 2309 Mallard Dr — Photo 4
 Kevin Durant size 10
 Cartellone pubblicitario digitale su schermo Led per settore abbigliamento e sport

### Your goal:
Starting at the line with "Kevin Durant size 10", restate every line word for word through the end of the listing above.

### Exercise answer:
 Kevin Durant size 10
 Cartellone pubblicitario digitale su schermo Led per settore abbigliamento e sport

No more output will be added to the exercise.